Records supplied —
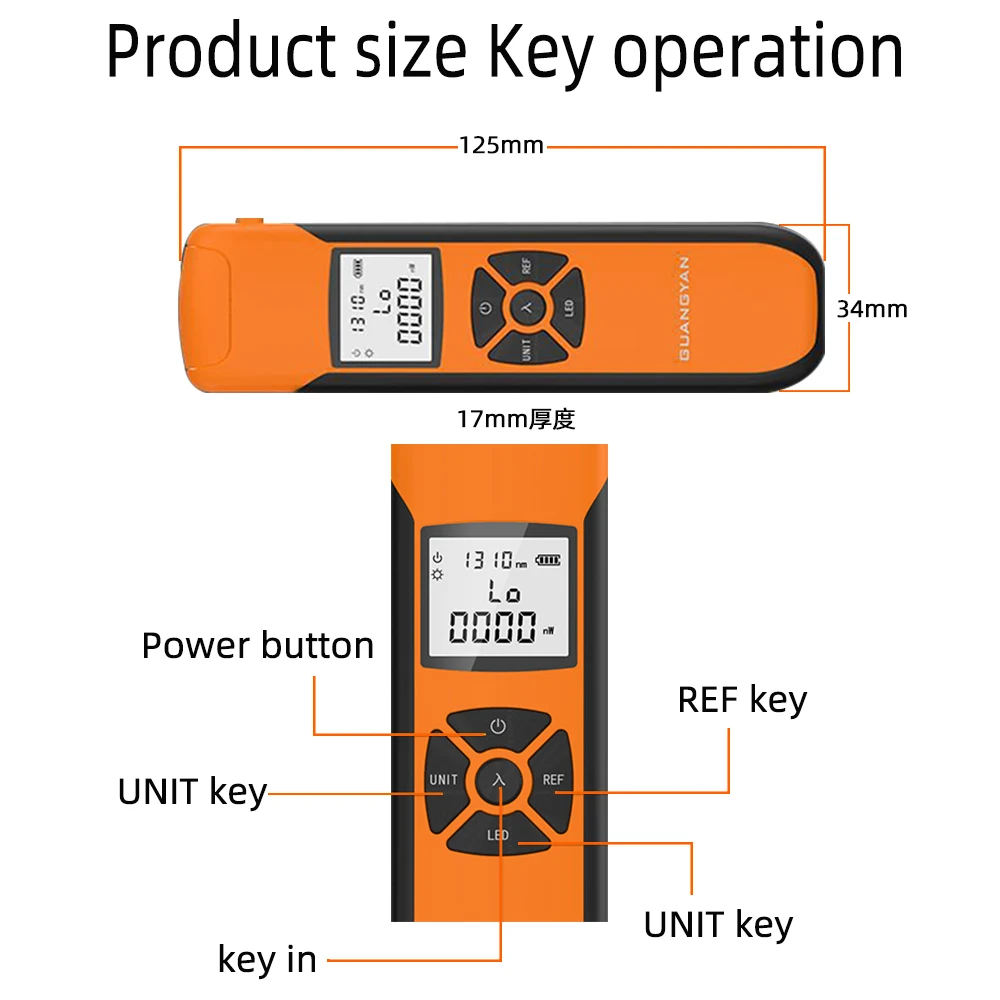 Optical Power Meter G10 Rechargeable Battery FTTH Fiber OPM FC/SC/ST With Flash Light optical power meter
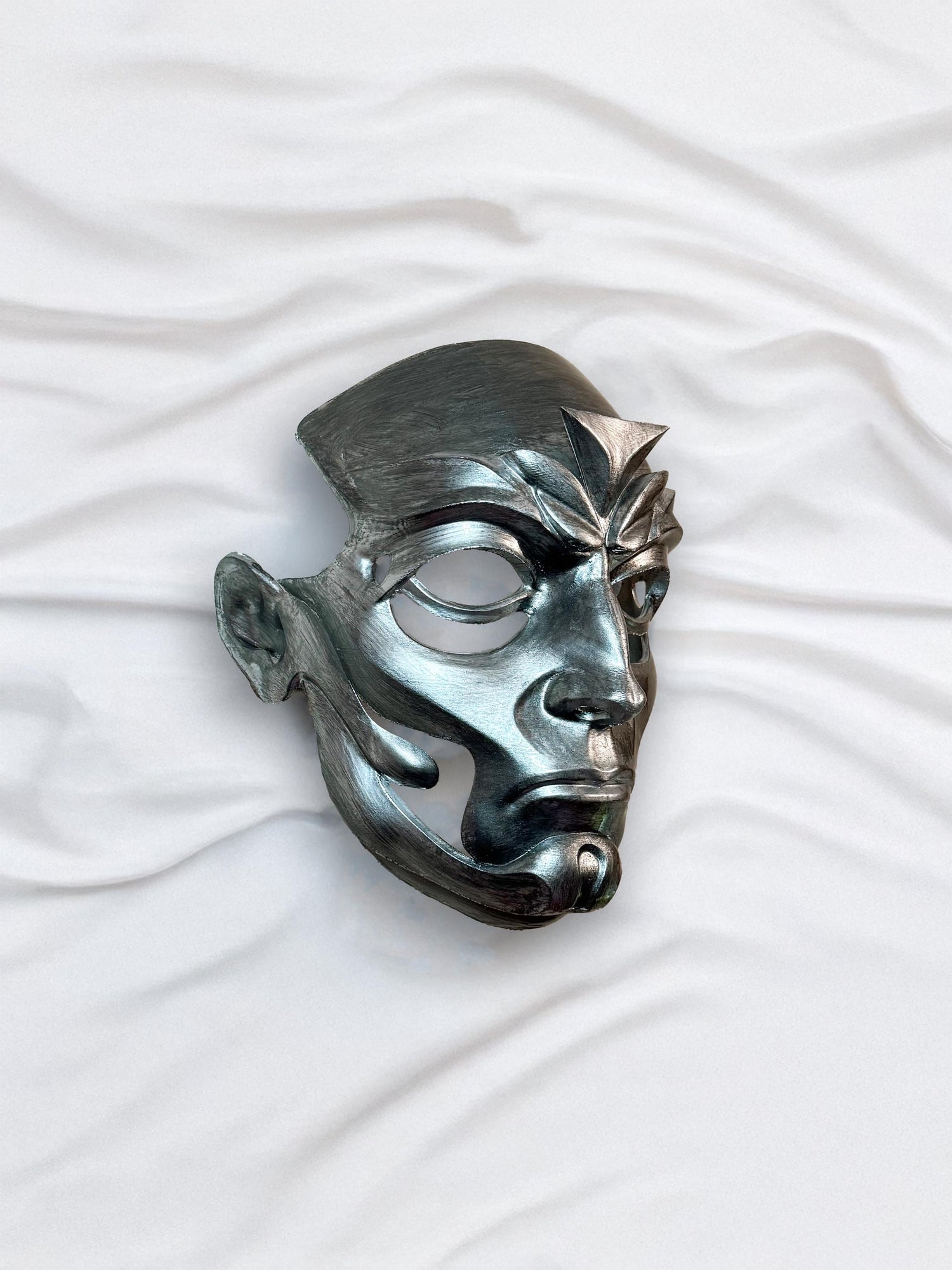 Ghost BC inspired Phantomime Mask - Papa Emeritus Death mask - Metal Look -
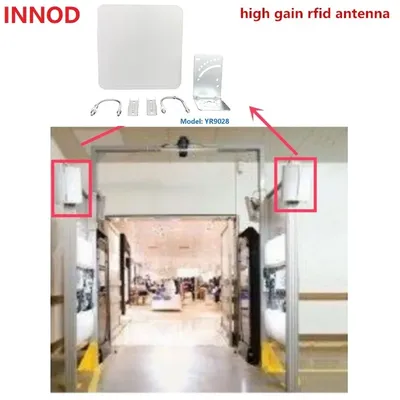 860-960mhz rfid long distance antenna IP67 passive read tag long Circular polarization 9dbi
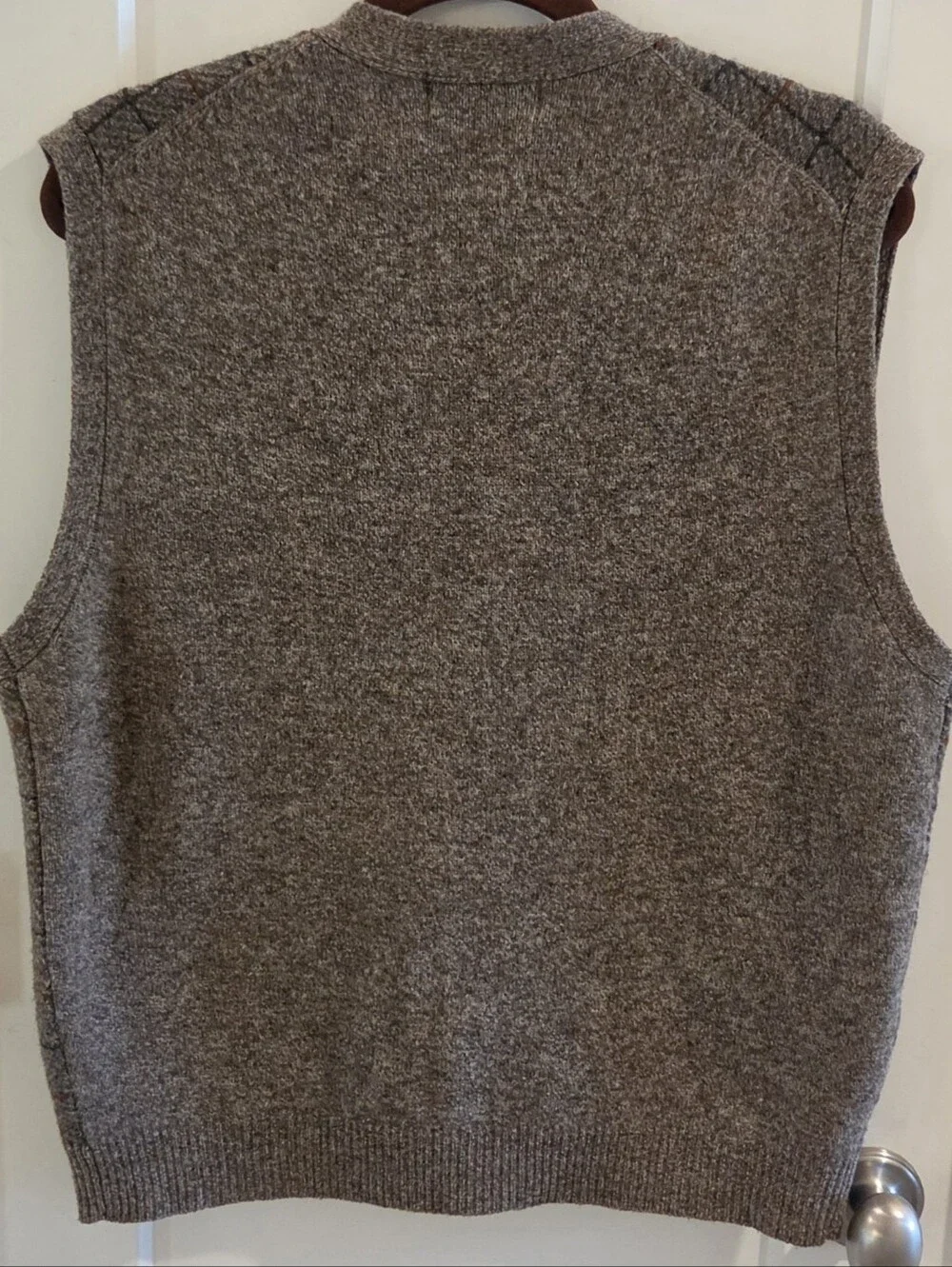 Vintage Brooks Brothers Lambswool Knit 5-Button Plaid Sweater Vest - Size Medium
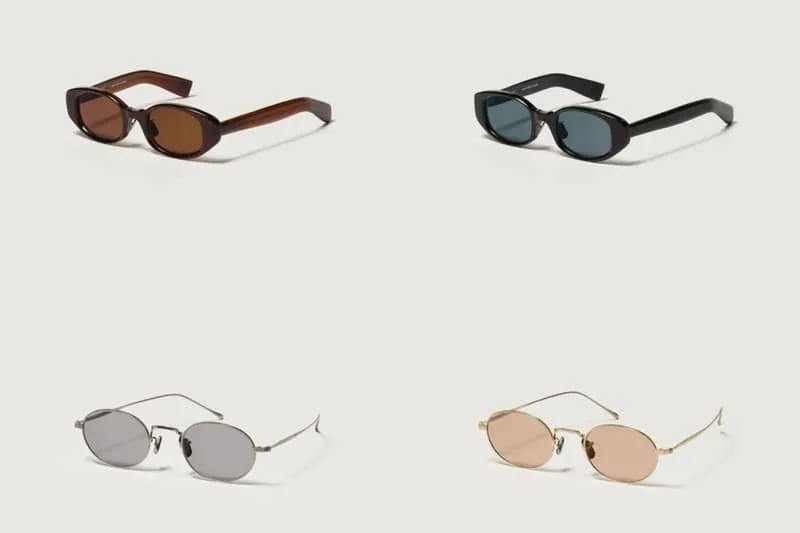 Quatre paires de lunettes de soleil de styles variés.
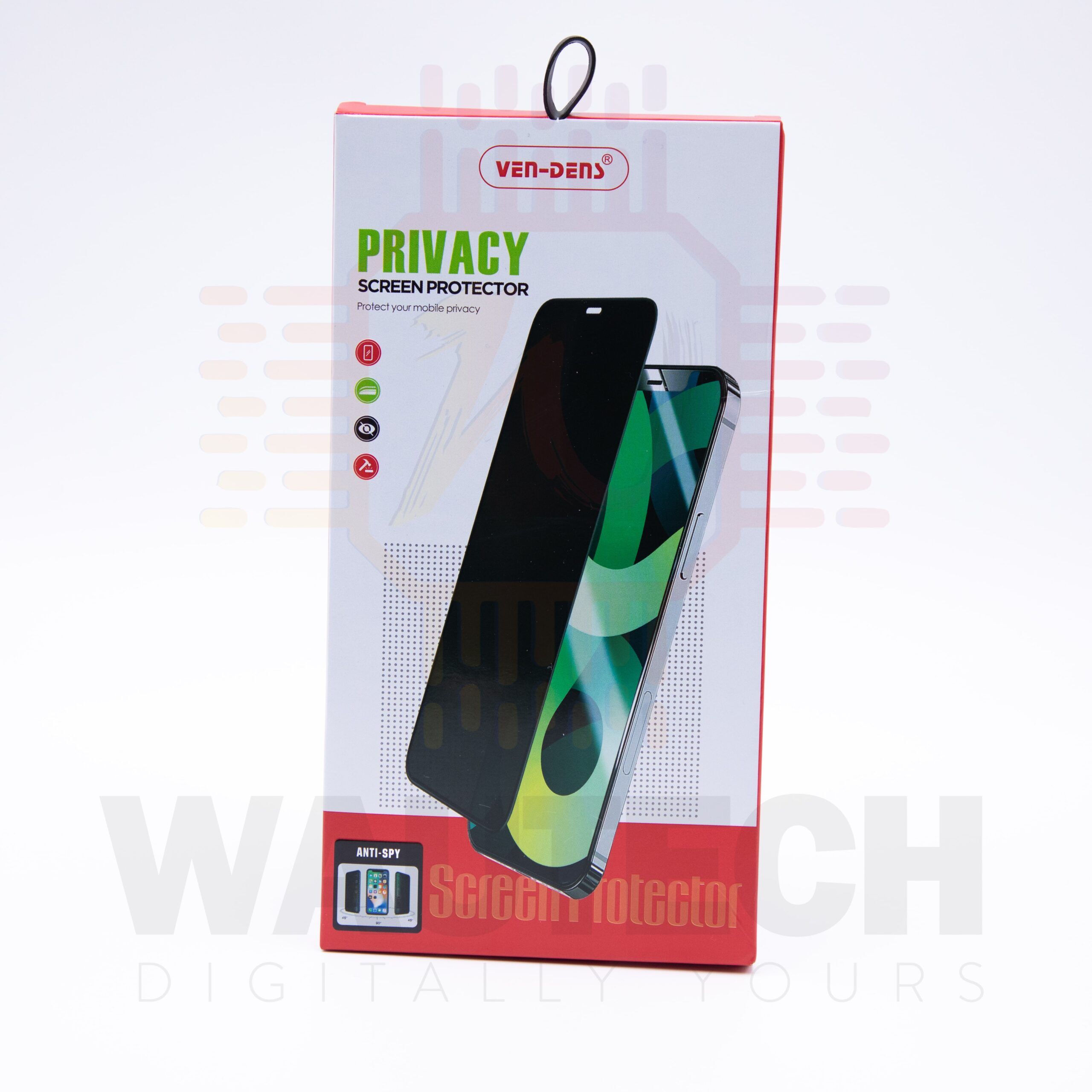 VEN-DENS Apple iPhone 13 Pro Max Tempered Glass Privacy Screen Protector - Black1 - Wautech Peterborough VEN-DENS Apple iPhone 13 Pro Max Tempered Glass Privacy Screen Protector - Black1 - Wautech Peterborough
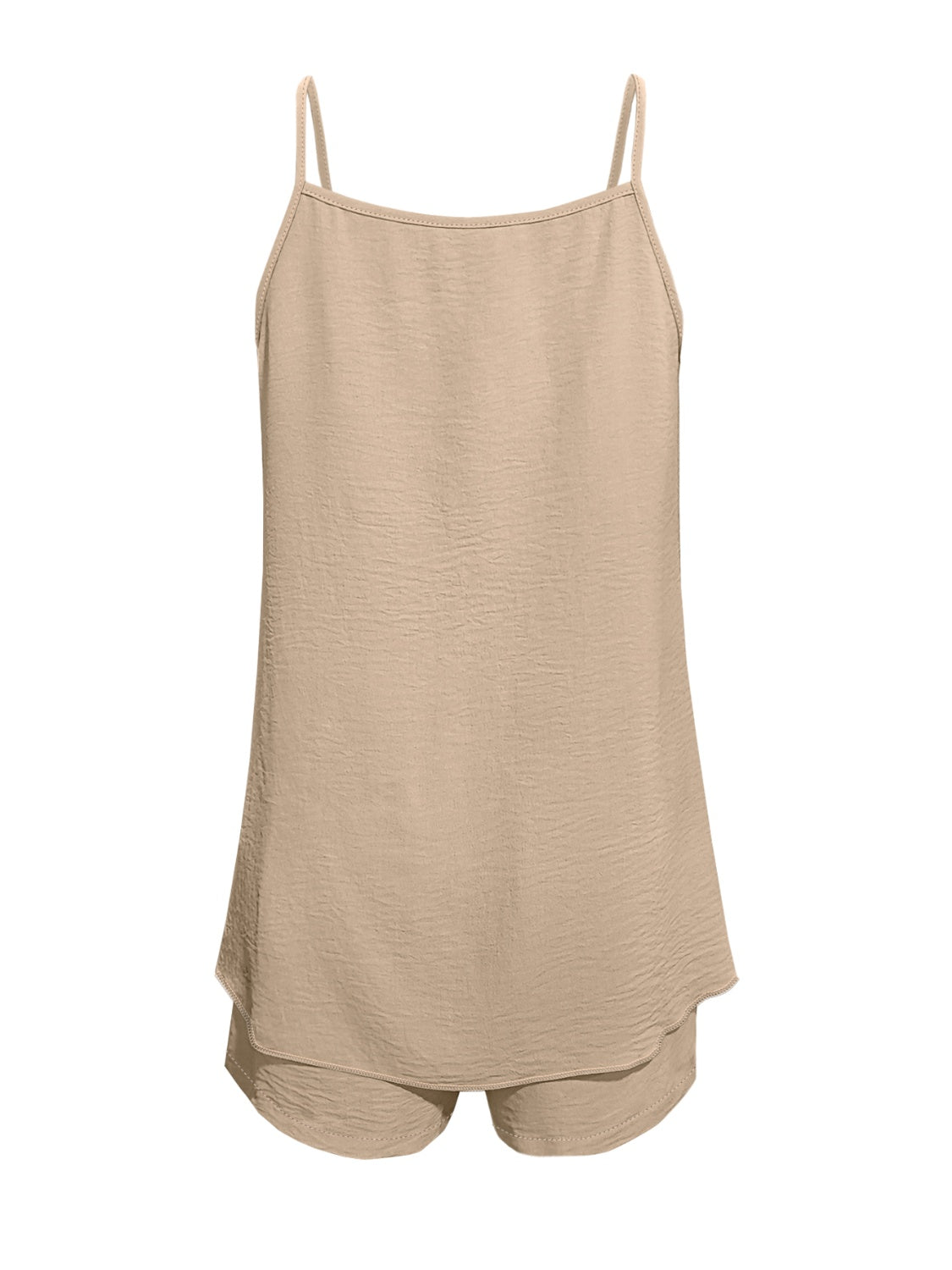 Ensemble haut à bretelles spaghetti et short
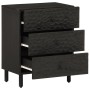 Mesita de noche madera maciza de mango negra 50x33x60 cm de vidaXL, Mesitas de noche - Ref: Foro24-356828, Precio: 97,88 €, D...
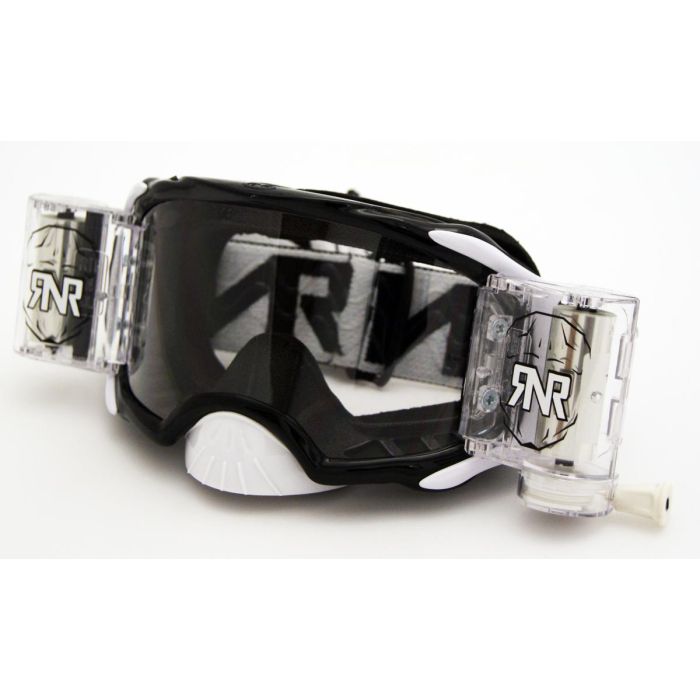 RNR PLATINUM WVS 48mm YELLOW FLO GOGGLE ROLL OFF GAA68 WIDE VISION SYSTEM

Description of the task — From the very first line of the listing above through the line that holds "Ghost BC inspired", write out each line exactly as it stands, leaving pictures out.

Solution for this problem —
 Optical Power Meter G10 Rechargeable Battery FTTH Fiber OPM FC/SC/ST With Flash Light optical power meter
 Ghost BC inspired Phantomime Mask - Papa Emeritus Death mask - Metal Look -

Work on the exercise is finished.